# Kessil LED



## TankCla (Dec 31, 2010)

Hi there
Anyone using Kessil 360 in Toronto?
What's your feedback on it? How do you find it?


----------



## Bullet (Apr 19, 2014)

Currently running A360WE's on all of my tanks 
Highly recommended and wouldn't use any other brand
Great controllability, fantastic color and shimmer
Attractive compact design
Best of all, coral and fish colors pop !
I used to run T5HO and growth is far improved once I switched over to Kessil
As you can tell, I'm a big fan !


----------



## TankCla (Dec 31, 2010)

What is the noise level? I am reading some reviews and they say Kessil fan is noisy. 


Sent from my iPhone using Tapatalk


----------



## Bullet (Apr 19, 2014)

I'Ve read about the noise level "issue" related to the fan and I say that while you can definitely hear the fan running, it is extremely efficient and in my opinion is not noticeable 
My skimmers and water flows make more noise than the Kessil fan
You're welcome to come see my set ups anytime - PM me.


----------



## TankCla (Dec 31, 2010)

Thank you very much for the offer.
I was looking at a150 too. Half the price of 360. 


Sent from my iPhone using Tapatalk


----------



## matti2uude (Jan 10, 2009)

I'm want to see the A160we that's coming out soon.


----------



## TankCla (Dec 31, 2010)

matti2uude said:


> I'm want to see the A160we that's coming out soon.


 How soon?

Sent from my iPhone using Tapatalk


----------



## matti2uude (Jan 10, 2009)

It's supposed to come out this month some time.


----------



## TankCla (Dec 31, 2010)

Do you have a clue about differences between a150 and a160?
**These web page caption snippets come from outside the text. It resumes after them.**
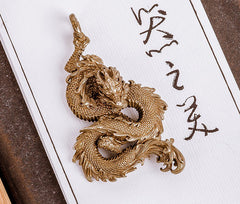 Chinese Dragon Keyring Brass Moto KeyChains Hook Keyring Dragon Moto Key Holder Key Chain Key Rings for Men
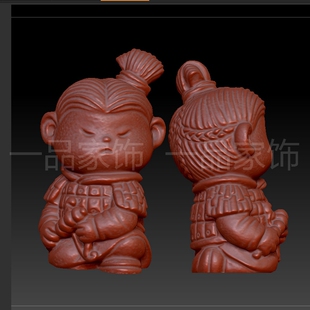 3未修糖葫芦兵马俑stl雕刻图圆雕图模型文件三维立体精雕图3d打印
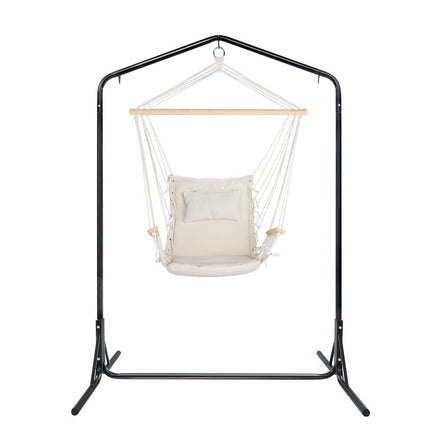 Gardeon Outdoor Hammock Chair with Stand Swing Hanging Hammock Garden Cream Big Discounts on Christmas Entertaining Kings Warehouse 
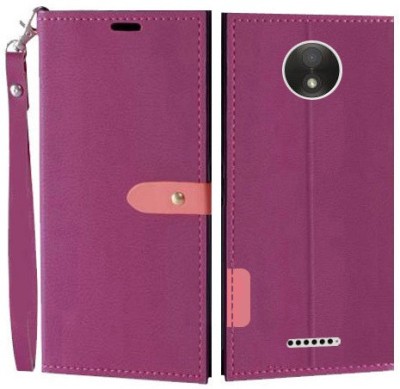 Wynhard Flip Cover for Motorola Moto C Plus(Pink, Grip Case, Pack of: 1)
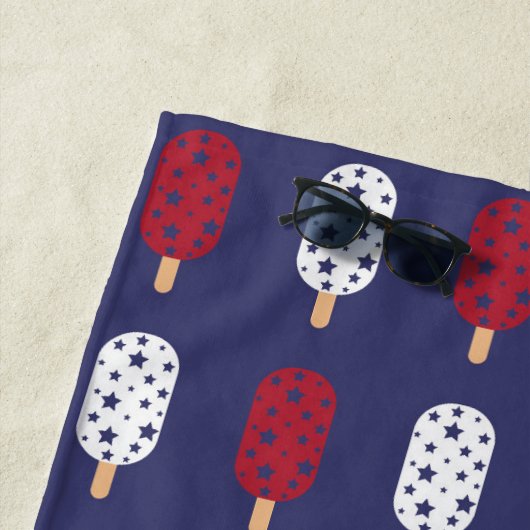 Serviette De Plage Patriotique Ice Pops (En situation)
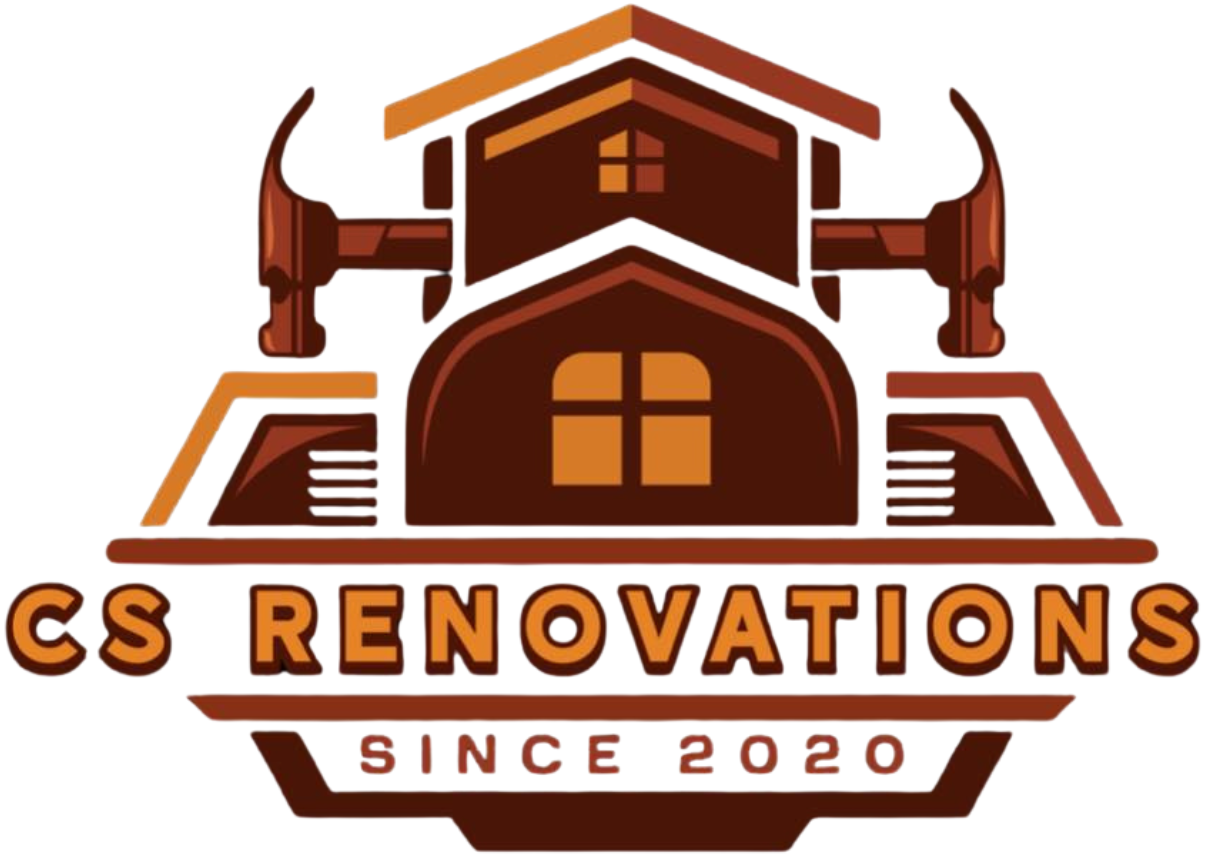 Logo for CS Renovations: a house outline with hammers, in shades of brown and orange;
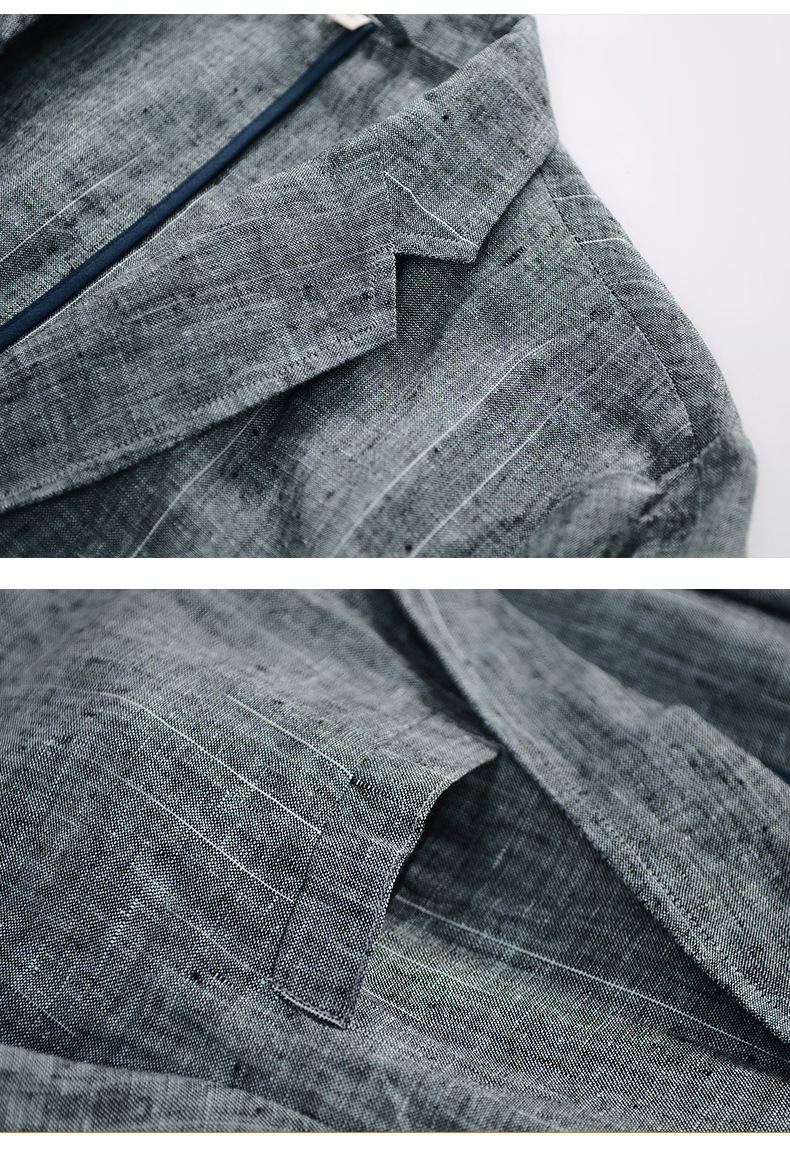 Mens Linen Casual Blazer Loose Fit Breathable Multi Pocket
Sent from my iPhone using Tapatalk


----------



## matti2uude (Jan 10, 2009)

It's the same difference as between the 350 and 360. You will be able to control the spectrum and intensity.


----------



## Bullet (Apr 19, 2014)

Definitely wait for the 160 - fully controllable which the 150 is not


----------



## TankCla (Dec 31, 2010)

Yep! This is what I was thinking. 
Now, will 2x A160 be enough for 75g tank? They say A160 is 15% brighter, but not like A360, 40W vs 90W.


----------



## Bullet (Apr 19, 2014)

Can't speak to the A150 or A160 but you need to consider spread to cover the tank the way that you need 
In my experience, the A360's will only cover 30 inches width so you will definitely need 2 to cover your 75 g 
Check Kessil's website and use their recommendation chart - I found it very accurate


----------